Przed reformą każdy spożywający środki odurzające był traktowany na równi z handlarzem i zagrożony karą więzienia do lat 3. Powstrzymywało to wszystkich uzależnionych przed ujawnianiem się i podjęciem leczenia w obawie przed aresztowaniem. Chociaż spożycie w Portugalii było niższe, niż w wielu innych krajach Europy, istniał tam stosunkowo wysoki odsetek "problematycznych" konsumentów narkotyków (dokonujących napadów rabunkowych w celu uzyskania pieniędzy na "działkę", spożywających narkotyki w miejscach publicznych, itd). Kolejnym problemem była duża liczba zachorowań na HIV - około 60% wszystkich zakażonych było użytkownikami heroiny. W reakcji na to pod koniec lat 90-tych powołano zespół ekspertów mający na celu podjęcie kroków przeciwdziałających temu problemowi. Efektem ich pracy był projekt dekryminalizacji i profilaktyki narkotykowej, który ostatecznie wszedł w życie w 2001 roku.

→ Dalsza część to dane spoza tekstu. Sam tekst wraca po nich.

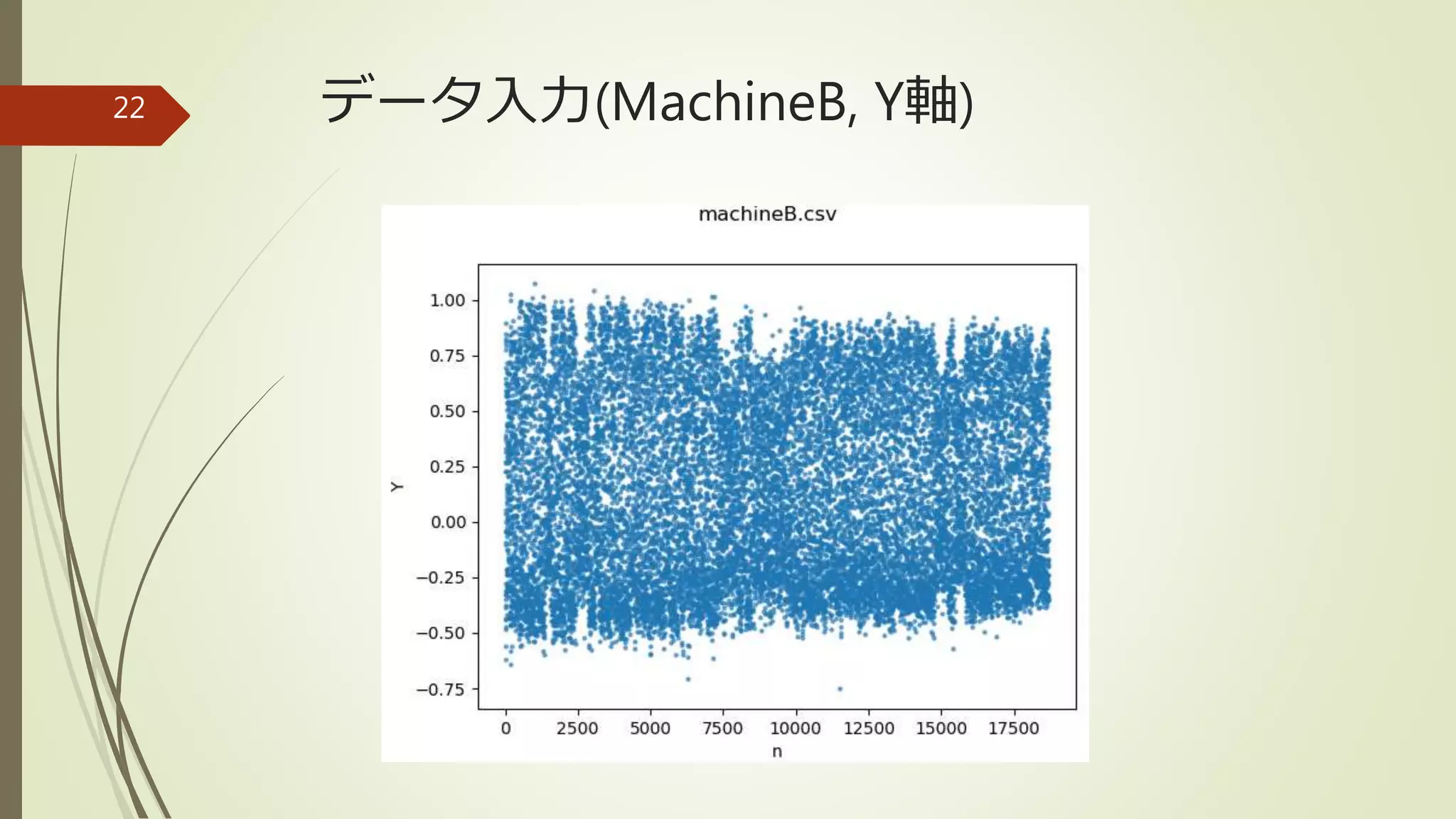 データ入力(MachineB, Y軸)22
 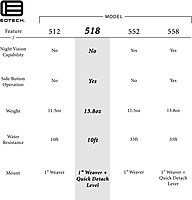 EOTECH 518 Holographic Weapon Sight 518.A65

Używanie narkotyków nadal pozostało nielegalne, ale przestało być już traktowane jako przestępstwo o charakterze kryminalnym. Nie wprowadzono podziału na miękkie i twarde używki. Zamiast tego uzgodniono maksymalną ilość substancji psychoaktywnych, którą można posiadać. Za ilość taką uważano dawki wystarczające na 10-dniową konsumpcję przez jedną osobę (marihuana – 25 gramów, haszysz – 5 gramów, kokaina – 2 gramy, heroina – 1 gram, LSD bądź ekstazy – 10 pastylek). Za posiadanie większych ilości groził zarzut handlowania.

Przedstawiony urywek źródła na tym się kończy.